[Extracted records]

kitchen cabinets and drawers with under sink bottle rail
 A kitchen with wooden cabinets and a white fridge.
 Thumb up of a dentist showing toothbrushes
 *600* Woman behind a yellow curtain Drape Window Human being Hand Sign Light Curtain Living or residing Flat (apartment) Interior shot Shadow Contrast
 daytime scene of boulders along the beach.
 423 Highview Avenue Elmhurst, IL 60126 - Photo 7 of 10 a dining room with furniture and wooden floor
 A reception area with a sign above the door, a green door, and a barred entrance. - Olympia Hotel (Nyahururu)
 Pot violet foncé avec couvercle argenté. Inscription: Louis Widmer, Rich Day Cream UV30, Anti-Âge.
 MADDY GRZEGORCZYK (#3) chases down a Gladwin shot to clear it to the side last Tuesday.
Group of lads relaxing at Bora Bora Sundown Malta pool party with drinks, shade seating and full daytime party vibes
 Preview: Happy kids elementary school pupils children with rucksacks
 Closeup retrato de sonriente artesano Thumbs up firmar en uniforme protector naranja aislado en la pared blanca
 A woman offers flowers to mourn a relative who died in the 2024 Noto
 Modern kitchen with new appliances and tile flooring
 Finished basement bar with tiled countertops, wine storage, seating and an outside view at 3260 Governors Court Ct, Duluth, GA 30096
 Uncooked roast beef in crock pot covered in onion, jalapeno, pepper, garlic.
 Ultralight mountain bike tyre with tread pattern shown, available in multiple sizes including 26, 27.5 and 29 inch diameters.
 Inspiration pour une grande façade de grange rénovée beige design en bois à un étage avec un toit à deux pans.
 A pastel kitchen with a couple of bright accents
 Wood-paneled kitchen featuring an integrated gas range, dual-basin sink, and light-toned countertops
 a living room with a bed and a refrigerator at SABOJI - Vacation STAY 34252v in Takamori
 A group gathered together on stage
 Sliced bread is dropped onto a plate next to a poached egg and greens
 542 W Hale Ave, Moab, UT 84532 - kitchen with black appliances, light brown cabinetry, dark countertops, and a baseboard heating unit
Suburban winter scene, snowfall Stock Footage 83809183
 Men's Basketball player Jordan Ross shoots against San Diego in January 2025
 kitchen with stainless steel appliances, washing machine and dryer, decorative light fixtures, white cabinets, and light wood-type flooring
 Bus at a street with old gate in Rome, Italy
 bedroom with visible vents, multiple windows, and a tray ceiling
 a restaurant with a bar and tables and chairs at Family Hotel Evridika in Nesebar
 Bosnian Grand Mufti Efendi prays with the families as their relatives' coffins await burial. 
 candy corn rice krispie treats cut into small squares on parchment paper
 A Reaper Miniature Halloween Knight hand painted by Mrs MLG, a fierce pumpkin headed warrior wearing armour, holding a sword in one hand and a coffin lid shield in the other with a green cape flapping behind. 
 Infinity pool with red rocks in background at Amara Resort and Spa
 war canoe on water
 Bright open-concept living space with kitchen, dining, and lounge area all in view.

> [Work to complete] The required output is every line above that contains the string "scene".

> [Task solution]
 daytime scene of boulders along the beach.
Suburban winter scene, snowfall Stock Footage 83809183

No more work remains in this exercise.